KIGALI (Reuters) - The sentencing of a Rwandan opposition politician to four years in jail for inciting ethnic division was a sign the country was using the judicial system to stifle criticism, Human Rights Watch (HRW) said on Saturday.
On Friday, Rwanda’s High Court found Bernard Ntaganda guilty of endangering national security, divisionism, inciting ethnic divisions and attempting to organise illegal demonstrations, sentencing him to two years each for the first two charges.
He was fined 100,000 francs for the third charge.
Rwanda’s prosecutors, who had initially demanded Ntaganda be imprisoned for 10 years, said the verdict was fair.
Ntaganda, leader of the opposition Social Party Imberakuri, was arrested six weeks before last August’s presidential election and charged under the genocide ideology law, which officials say is necessary to prevent future violence.
The law is a highly sensitive issue in Rwanda which has been completely rebuilt since the 1994 genocide in which 800,000 ethnic Tutsis and moderate Hutus died.
President Paul Kagame has been praised for restoring stability after the genocide, implementing reforms and fostering robust economic growth in recent years, but critics say his leadership is authoritarian and intolerant of dissent.
Analysts say critics of the government, including journalists, civil society groups, clergy and teachers, are frequently targeted by the law.
U.S.-based Human Rights Watch (HRW) says the law is broad, ill-defined and frequently used to serve political or personal interest, and to eliminate certain views deemed inappropriate.

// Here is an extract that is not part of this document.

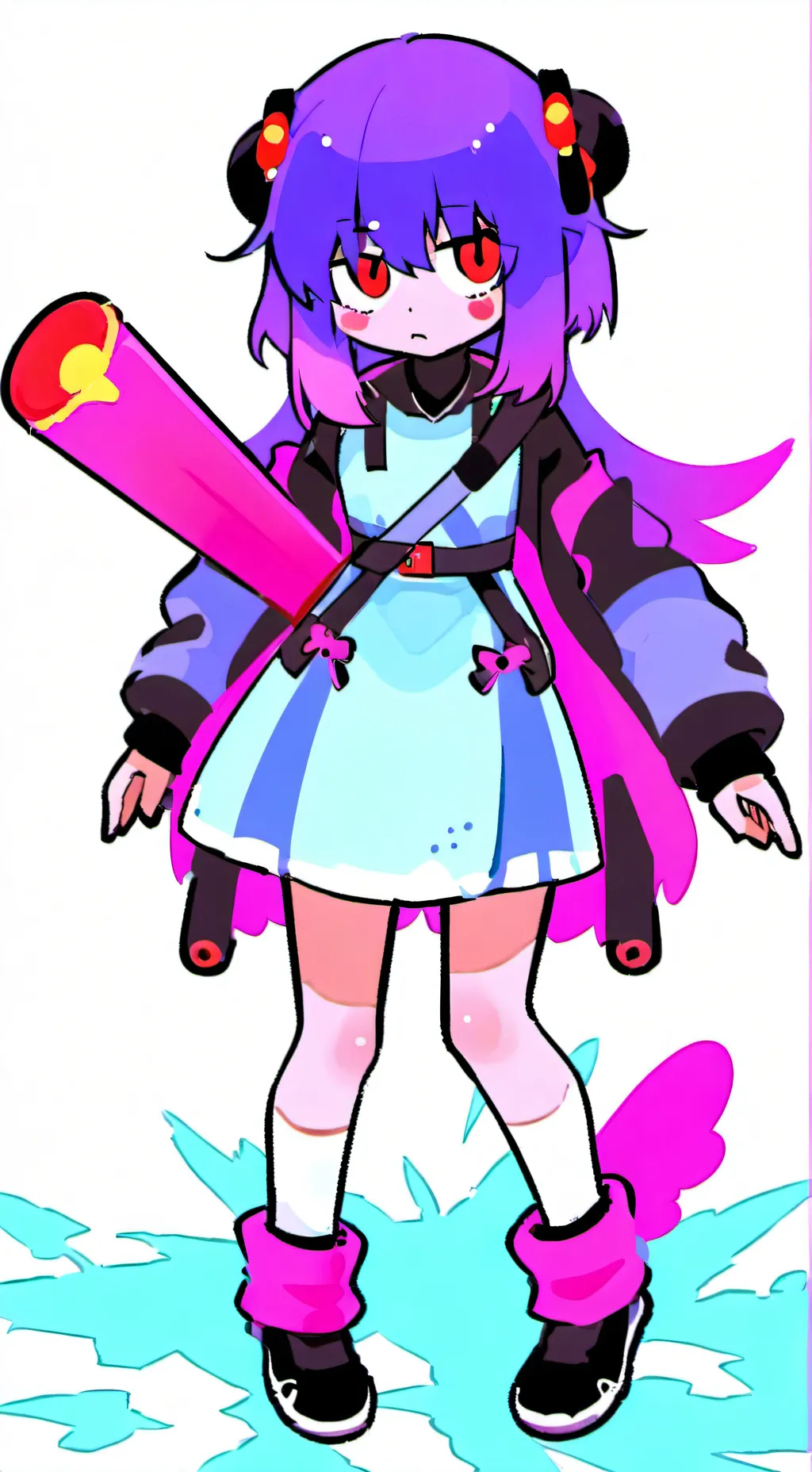 ai character: PJax tadc background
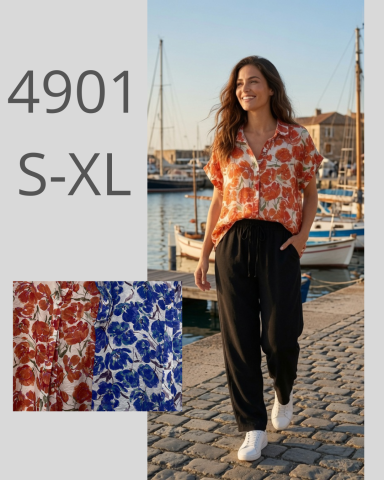 Camisa floral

The prosecutions showed Rwanda’s government would not stand for any criticism or opposition, despite its public commitment to free speech and political pluralism, HRW said in a statement.
“These charges are wholly inappropriate, and the justice system is being used as a tool to stifle dissent and intimidate the public,” said Daniel Bekele, Africa director of HRW.
HRW asked Rwanda to revise the law to include a more precise definition of the crime, and prevent misuse of this charge. It also called for a review of the media law, which it said imposes restrictions on journalists.
Kigali says 1994’s genocide directly resulted from unchecked genocide ideology and that despite the country’s efforts, the insidious idea remained prevalent.
“There is no place for hate speech and divisionism in Rwanda. Our laws are there to protect Rwandans from those who want to reverse the economic and social progress as well as the reconciliation that has been made in the last 17 years,” Martin Ngoga, Rwanda’s Prosecutor General said.
The verdict comes just one week after two journalists, Agnès Nkusi Uwimana and Saidaiti Mukakibibi, were sentenced to 17 and 7 years respectively in connection with articles published in the independent newspaper, Umurabyo.